What the task asks: Below are some entries. Transcribe the lines from the one holding "2025 BMW 740" to the one holding "Prédio do shopping", inclusive, but not the pictures among them.

Short text fragments from websites:
* * * * * * * * *
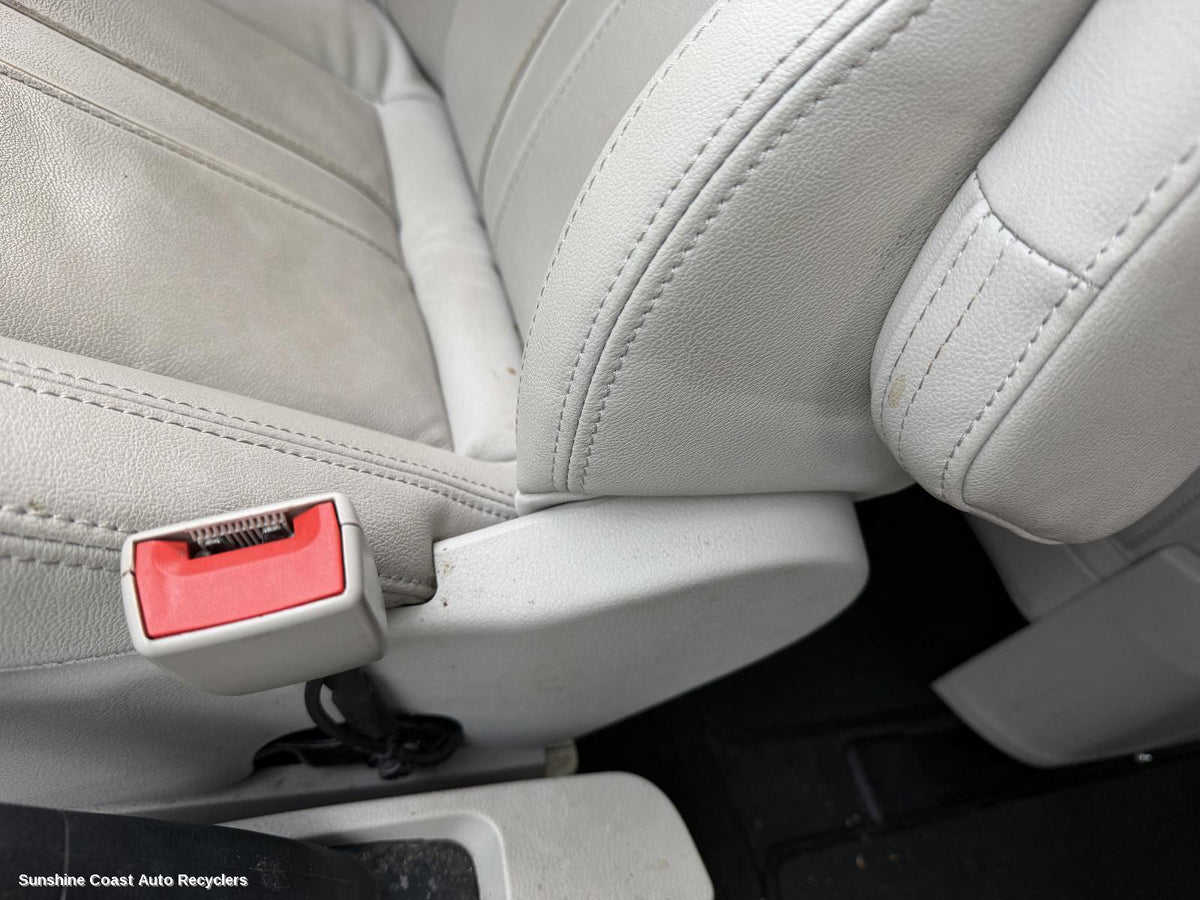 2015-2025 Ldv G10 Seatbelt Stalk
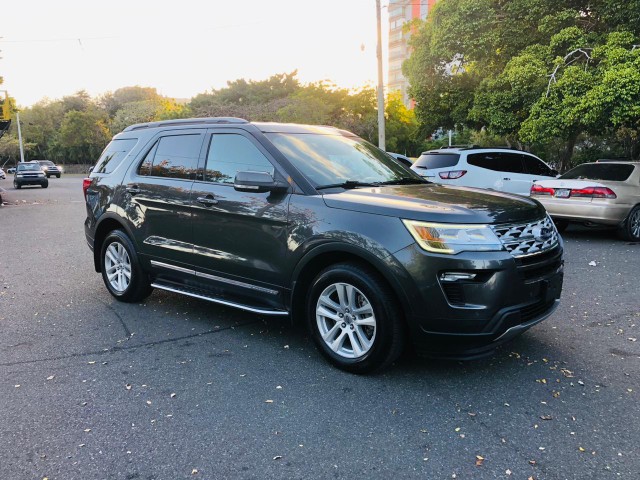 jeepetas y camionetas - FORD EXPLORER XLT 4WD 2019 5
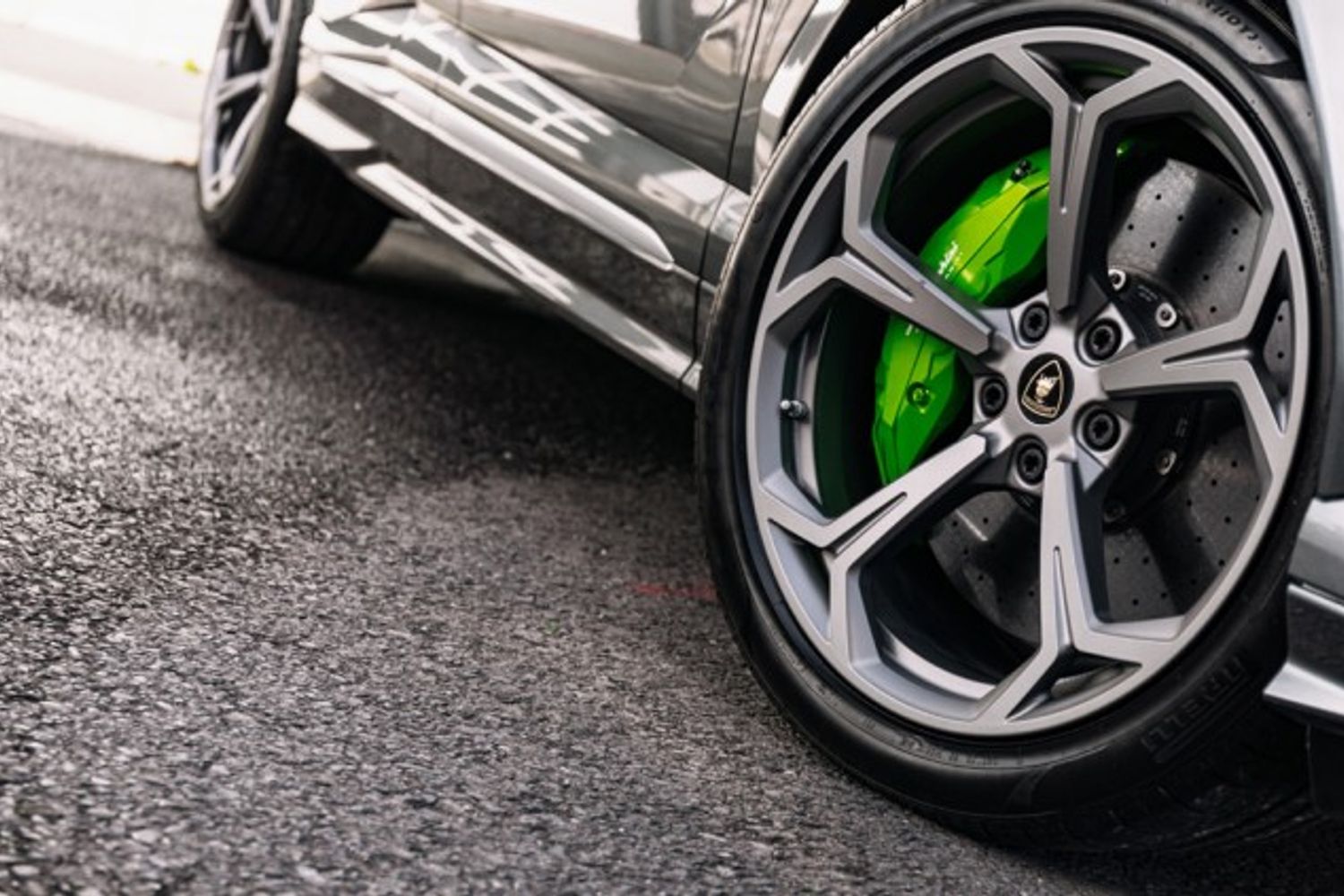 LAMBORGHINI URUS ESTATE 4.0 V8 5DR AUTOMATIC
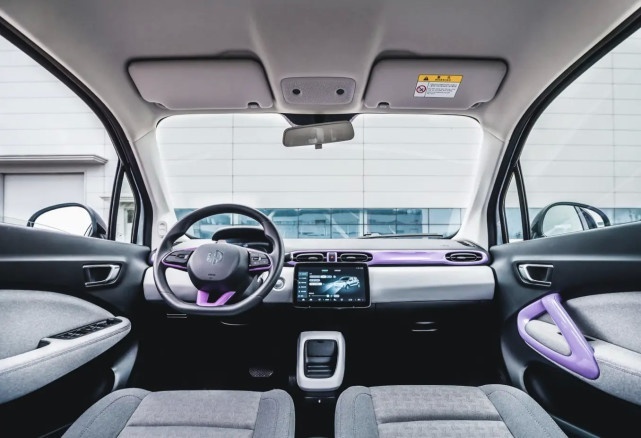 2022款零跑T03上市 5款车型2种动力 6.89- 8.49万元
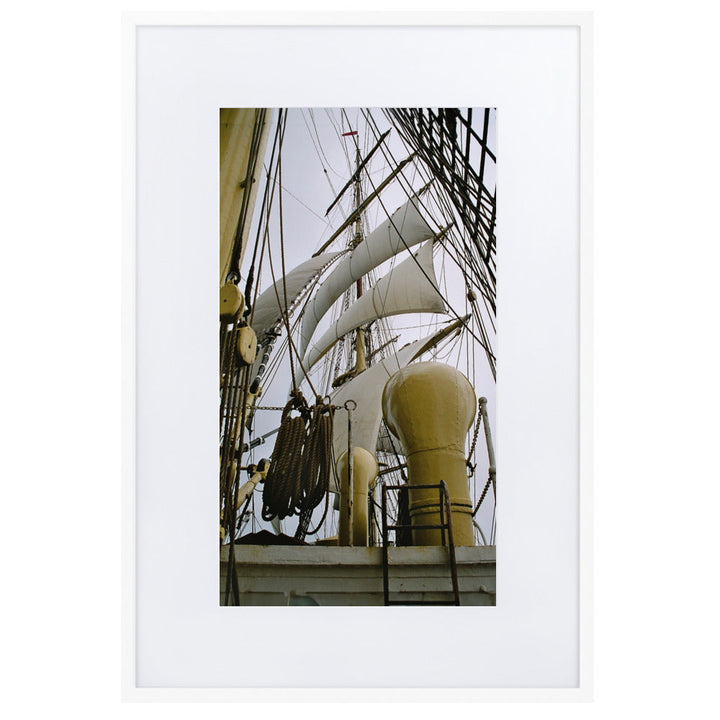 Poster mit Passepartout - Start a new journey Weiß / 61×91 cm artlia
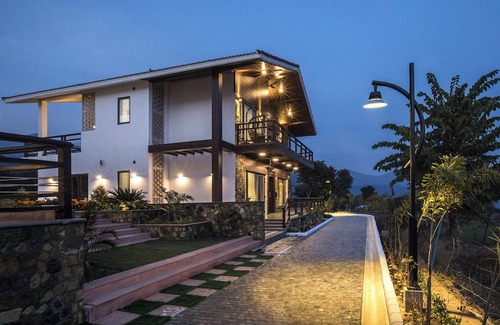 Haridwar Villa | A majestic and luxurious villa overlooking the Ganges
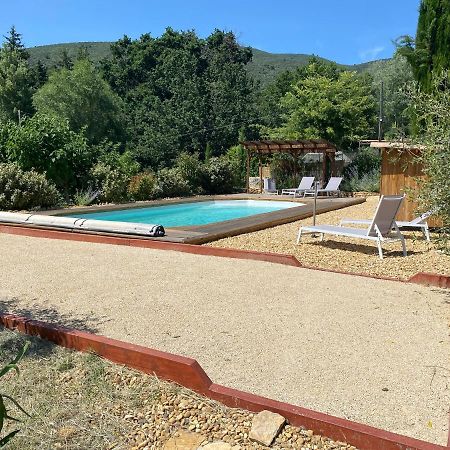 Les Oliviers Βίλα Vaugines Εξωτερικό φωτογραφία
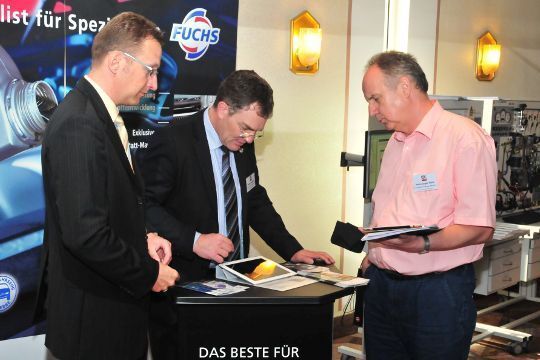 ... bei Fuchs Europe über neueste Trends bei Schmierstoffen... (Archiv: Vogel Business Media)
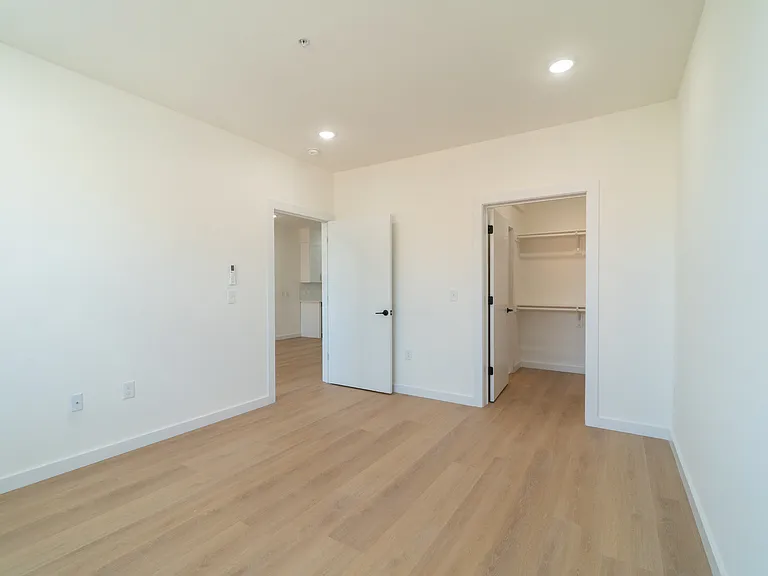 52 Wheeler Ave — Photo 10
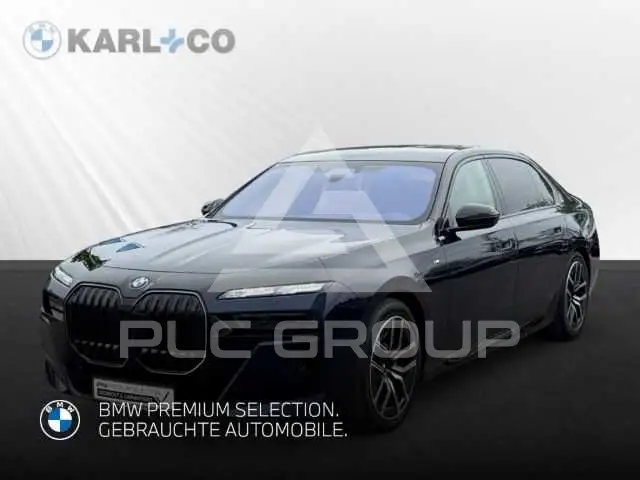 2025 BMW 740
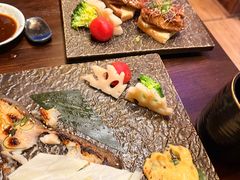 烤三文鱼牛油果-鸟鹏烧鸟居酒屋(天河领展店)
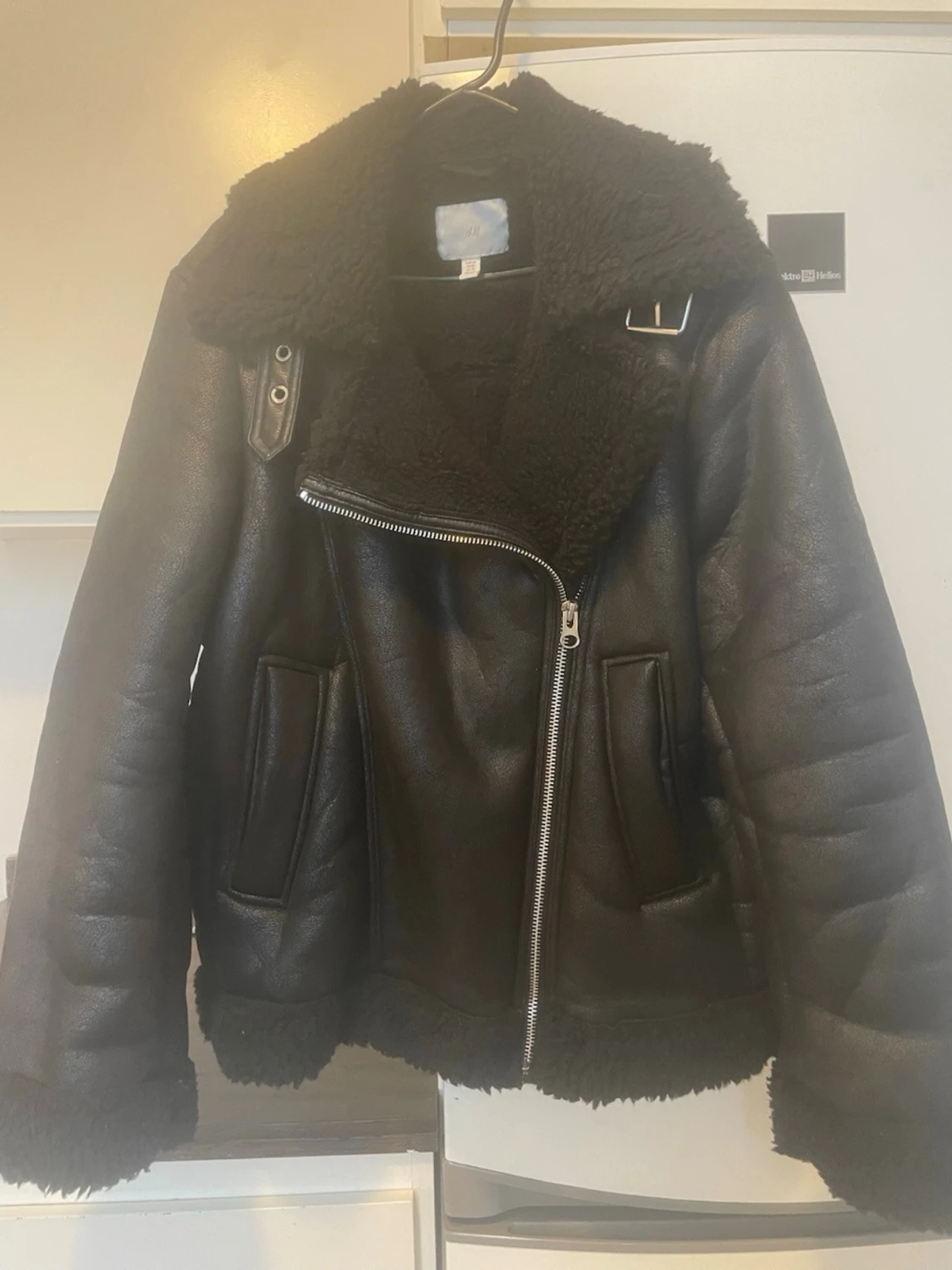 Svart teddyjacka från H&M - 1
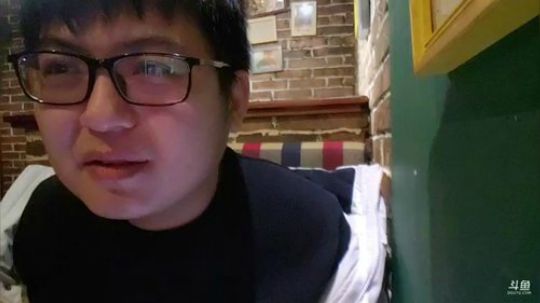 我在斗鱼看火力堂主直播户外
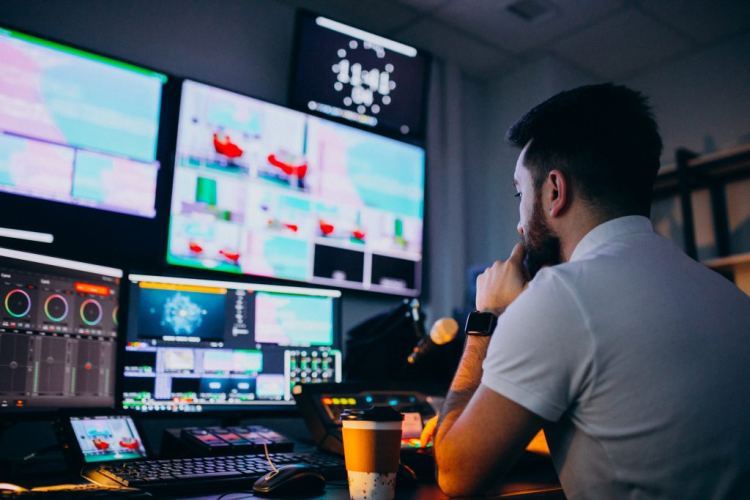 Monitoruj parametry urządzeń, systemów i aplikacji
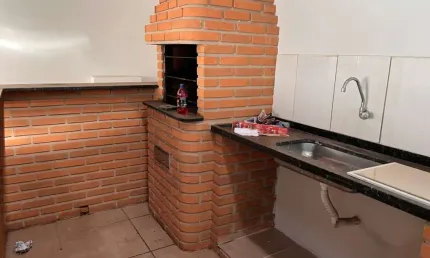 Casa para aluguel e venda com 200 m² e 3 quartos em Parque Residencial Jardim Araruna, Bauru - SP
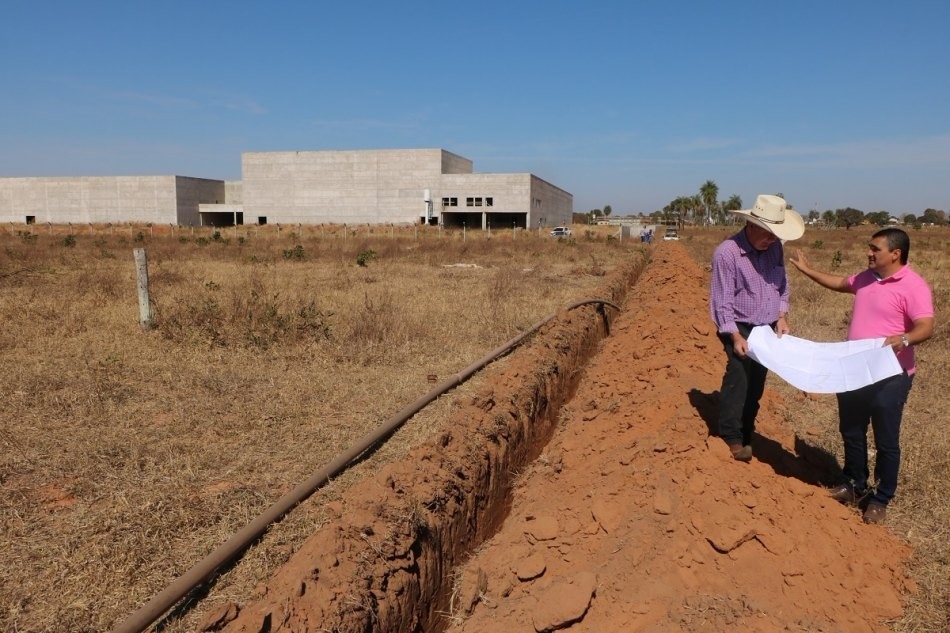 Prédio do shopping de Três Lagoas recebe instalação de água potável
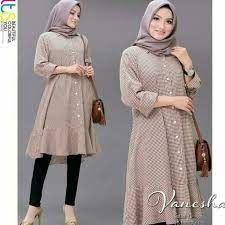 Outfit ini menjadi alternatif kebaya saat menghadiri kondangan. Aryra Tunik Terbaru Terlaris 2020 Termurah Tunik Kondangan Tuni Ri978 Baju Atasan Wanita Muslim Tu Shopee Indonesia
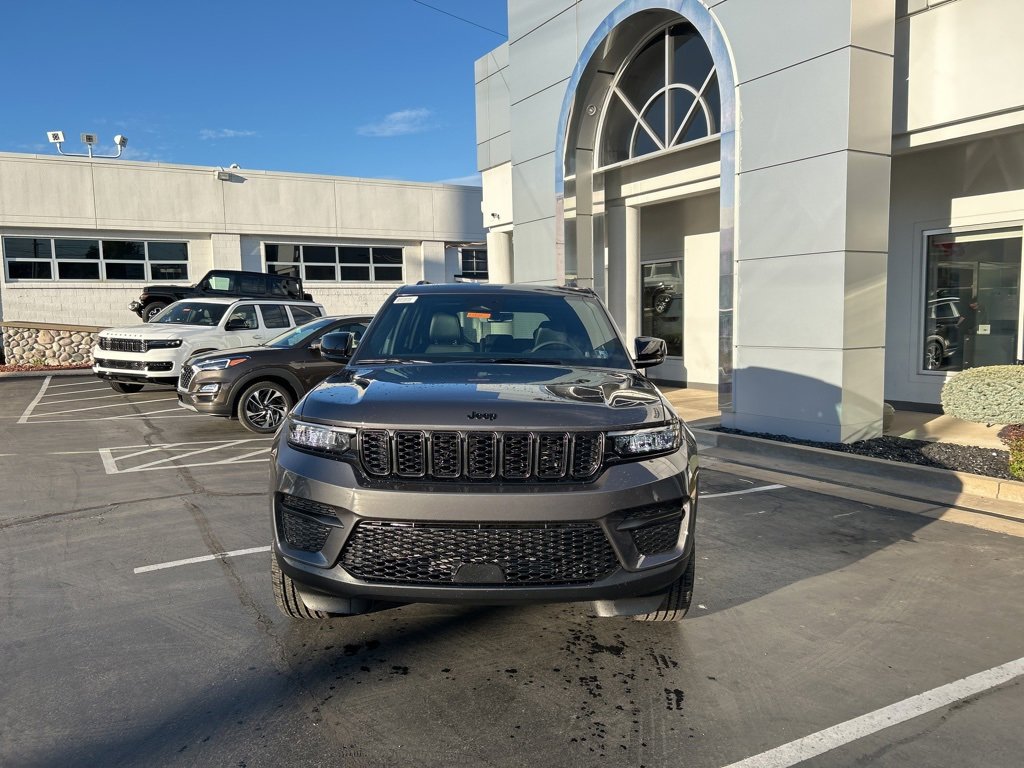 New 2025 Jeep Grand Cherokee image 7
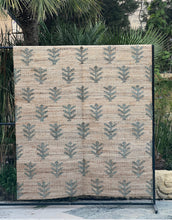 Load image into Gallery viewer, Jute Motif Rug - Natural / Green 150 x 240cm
* * * * * * * * *
Task response:
 2025 BMW 740
 烤三文鱼牛油果-鸟鹏烧鸟居酒屋(天河领展店)
 Svart teddyjacka från H&M - 1
 我在斗鱼看火力堂主直播户外
 Monitoruj parametry urządzeń, systemów i aplikacji
 Casa para aluguel e venda com 200 m² e 3 quartos em Parque Residencial Jardim Araruna, Bauru - SP
 Prédio do shopping de Três Lagoas recebe instalação de água potável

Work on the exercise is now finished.